Of course you will never commit such an atrocity. You wonder at the Mundane Man not trying to escape. Quite pitiful really.
"We're late as it is." The Touched Woman will amble up the aisle, and restrain the Mundane Man, extending limb by limb out of the window while the Driver's eye draws the line of her thigh.
The Mundane Man will scream. Smack! Smack! Smack! Down the aisle on his slippery stumps, but he'll quieten up, so you'll not notice him so much.
It will be at this time, that the Young Woman Sleeping With Her Eyes Open rolls over, and her notebook will fall to the floor.
Everyone will seem to hold their breath, then their lips will flutter in breathless lullaby. Fetid desperation.

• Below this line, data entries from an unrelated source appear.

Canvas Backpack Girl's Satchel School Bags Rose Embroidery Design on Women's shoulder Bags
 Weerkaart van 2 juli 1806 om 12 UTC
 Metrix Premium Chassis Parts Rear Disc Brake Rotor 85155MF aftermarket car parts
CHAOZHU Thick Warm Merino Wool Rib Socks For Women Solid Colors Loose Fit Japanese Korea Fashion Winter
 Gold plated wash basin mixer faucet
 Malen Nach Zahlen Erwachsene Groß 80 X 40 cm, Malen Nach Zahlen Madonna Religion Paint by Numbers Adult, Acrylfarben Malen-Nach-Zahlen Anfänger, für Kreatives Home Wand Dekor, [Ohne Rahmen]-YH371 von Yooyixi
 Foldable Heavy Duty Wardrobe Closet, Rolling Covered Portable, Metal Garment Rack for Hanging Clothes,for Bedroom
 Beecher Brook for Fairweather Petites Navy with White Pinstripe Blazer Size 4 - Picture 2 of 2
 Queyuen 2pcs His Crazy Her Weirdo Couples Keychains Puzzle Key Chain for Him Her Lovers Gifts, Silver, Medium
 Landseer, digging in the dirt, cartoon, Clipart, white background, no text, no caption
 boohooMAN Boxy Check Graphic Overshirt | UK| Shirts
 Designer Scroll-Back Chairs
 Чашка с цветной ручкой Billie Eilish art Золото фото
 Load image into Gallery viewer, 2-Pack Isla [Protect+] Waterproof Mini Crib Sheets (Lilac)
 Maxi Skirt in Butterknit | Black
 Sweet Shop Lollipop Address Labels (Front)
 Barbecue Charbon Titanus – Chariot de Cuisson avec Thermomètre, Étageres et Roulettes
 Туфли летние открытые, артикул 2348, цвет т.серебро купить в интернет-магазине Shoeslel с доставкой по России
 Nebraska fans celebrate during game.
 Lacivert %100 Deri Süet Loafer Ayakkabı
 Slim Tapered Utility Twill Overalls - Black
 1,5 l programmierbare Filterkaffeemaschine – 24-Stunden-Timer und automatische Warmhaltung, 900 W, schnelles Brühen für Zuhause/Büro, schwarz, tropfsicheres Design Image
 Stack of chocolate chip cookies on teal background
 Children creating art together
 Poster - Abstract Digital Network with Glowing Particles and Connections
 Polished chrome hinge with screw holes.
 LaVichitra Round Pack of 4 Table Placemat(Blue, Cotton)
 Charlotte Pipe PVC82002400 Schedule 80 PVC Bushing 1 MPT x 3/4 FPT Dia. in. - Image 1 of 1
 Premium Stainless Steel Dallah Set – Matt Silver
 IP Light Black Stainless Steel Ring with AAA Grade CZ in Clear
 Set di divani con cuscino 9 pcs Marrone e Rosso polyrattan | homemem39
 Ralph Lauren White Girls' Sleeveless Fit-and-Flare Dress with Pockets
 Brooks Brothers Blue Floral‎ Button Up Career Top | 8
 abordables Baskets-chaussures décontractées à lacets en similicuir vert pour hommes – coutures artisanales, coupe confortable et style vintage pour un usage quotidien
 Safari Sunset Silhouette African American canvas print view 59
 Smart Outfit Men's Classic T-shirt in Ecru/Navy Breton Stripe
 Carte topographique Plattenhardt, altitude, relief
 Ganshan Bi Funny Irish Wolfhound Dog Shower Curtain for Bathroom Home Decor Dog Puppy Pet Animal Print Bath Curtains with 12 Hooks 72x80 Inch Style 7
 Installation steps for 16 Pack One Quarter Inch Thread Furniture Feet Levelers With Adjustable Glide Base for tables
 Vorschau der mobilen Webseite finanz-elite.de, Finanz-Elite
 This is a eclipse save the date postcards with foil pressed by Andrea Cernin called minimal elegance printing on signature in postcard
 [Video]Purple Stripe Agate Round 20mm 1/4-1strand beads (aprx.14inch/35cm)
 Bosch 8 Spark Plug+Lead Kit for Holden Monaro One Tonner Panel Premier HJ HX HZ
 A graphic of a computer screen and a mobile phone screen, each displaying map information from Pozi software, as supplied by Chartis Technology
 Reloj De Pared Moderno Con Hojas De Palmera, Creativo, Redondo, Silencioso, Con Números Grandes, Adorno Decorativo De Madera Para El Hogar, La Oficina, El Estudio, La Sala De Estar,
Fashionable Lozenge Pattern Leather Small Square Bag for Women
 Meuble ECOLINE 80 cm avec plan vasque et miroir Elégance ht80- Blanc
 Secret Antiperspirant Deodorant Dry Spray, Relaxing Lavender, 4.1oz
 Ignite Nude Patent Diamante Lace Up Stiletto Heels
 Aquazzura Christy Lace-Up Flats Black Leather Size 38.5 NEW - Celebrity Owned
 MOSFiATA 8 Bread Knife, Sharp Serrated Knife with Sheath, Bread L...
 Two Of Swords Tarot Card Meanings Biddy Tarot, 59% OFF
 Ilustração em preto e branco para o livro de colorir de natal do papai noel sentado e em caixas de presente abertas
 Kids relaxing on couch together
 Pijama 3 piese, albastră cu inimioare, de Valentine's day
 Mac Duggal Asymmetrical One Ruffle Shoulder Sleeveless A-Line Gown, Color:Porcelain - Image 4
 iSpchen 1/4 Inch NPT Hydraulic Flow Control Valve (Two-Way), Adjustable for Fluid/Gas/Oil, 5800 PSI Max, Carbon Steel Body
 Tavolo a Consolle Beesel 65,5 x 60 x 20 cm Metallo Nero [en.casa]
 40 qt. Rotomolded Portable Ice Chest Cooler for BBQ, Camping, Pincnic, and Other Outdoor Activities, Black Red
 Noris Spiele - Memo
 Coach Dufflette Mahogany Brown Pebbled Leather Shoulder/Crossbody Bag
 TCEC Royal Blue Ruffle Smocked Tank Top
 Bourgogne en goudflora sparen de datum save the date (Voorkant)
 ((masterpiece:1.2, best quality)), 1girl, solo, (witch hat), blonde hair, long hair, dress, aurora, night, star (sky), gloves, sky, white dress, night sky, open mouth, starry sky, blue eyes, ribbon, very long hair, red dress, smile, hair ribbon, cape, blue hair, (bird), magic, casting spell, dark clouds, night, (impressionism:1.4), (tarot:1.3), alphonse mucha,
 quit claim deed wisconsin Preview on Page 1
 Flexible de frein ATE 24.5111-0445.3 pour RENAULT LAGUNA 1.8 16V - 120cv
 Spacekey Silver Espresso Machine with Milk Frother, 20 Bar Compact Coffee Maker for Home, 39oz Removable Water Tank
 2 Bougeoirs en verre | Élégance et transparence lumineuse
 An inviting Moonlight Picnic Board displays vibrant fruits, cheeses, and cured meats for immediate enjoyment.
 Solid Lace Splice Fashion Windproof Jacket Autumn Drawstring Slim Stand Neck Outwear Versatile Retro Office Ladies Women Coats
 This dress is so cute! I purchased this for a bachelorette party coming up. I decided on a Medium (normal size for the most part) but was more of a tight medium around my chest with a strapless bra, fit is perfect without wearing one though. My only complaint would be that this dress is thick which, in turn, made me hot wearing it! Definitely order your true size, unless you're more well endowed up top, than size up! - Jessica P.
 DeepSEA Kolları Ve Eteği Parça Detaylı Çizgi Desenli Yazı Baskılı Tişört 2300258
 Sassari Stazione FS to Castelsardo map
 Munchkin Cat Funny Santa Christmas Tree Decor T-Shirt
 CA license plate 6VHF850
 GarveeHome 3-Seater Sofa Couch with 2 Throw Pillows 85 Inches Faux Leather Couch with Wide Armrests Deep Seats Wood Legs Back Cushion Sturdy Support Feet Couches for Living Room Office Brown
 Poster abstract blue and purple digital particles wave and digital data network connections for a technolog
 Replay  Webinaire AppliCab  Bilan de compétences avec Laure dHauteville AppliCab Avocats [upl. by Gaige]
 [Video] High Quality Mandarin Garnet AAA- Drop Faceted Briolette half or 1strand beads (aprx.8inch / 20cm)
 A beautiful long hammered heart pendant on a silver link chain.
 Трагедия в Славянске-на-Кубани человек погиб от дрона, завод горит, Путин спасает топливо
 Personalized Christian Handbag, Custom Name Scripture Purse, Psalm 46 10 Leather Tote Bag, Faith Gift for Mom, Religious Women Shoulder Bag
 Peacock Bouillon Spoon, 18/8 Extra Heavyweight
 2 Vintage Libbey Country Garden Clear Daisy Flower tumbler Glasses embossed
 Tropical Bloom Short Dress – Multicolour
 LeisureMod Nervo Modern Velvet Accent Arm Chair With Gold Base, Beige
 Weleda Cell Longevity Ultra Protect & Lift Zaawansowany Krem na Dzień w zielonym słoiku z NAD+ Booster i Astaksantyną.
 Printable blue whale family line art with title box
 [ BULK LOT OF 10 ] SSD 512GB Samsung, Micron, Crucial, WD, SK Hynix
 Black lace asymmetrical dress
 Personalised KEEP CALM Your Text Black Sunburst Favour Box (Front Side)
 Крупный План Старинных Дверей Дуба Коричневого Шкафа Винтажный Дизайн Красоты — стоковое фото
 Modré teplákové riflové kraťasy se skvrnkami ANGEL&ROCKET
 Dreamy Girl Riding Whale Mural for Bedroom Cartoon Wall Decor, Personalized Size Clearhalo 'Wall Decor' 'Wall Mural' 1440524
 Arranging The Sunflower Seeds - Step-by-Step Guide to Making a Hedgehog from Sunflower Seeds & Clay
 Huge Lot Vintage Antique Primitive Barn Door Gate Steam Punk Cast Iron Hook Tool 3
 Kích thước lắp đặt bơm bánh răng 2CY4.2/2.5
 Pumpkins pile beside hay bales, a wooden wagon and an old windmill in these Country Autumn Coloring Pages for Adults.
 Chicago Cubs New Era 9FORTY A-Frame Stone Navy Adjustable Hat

You'll notice the Young Woman's eyes are closed, but her eyelids are clear, with fine feathery tufts of translucent hair. You'll recall this trait in waterbirds. Two sets of lids, one for swimming, one for sleep. But the woman will hardly swimming...
"She's beautiful." The Backmound will sigh.
"She is, isn't She?" The Touched Woman will sigh also, the petals of their sighs overlapping.
But she won't be, the woman, not what you would call beautiful. Not at all.
"She is our writer. She made you. And me. She makes everything you say and do, and she loves you very very much. But we mustn't even think about Her, She doesn't like that. We have to play by Her Rules, don't we now? Pay our fare." Touched Woman will say.
The Mundane Man is sobbing.
"Mama, why is he sad."
"He's new, he's not used to Her. Sometimes She must do strange things to us, as She's making us. She's always making us. See how She watches us, that means she's writing you all down. But sometimes there's too much of you, or you aren't as special as you might be, and that's why we have Half Fares."
"Like Teddy?"
"Like Teddy."
"If she loves Teddy why would she do it to him?Why would she make me do it to Teddy if it makes me sad?"
"Just as we are bound to Her, and Her fate, She's bound to someone else, she must entertain them. A Reader. They like us to be hurt, it amuses them. They are bored when we are happy."
"Meanie."
"I know, darling."
The Backmound will look up at you. You'll smile. So much of being a parent is theatrical, you'll think.
"Mama, look! It's me!"
"I know it's you, darling."
"No. On the book. One their book."
You'll look down. Your book.
There will be a hush.
"The Reader," The Mundane Man will say softly.
It will be the wrong bus, that morning.
You'll blurt "I'm not the only one. It's.. printed. There are millions."
"Then we won't miss one, will we?" The Clearly Disturbed Man will muse.
"This is not my bus"
"Then you'll not have the right ticket... will you now?" He'll rasp.
[smack]
**********************************
Hahah. I hate you, and your beautiful metaphors. I really loved this line,
| QUOTE |
| His touch will be cold, bony, nobbled at the knuckles, half a gnarled thumb misplaced in motor mishaps. A network of cracked crevasses and crevices interlace; porous, raw, prawn-red and bug-eyed vein blue. A sweet touch, an abiding touch, firm at the center and thorny deep. |
and you know it turned me on, ooooh baby baby.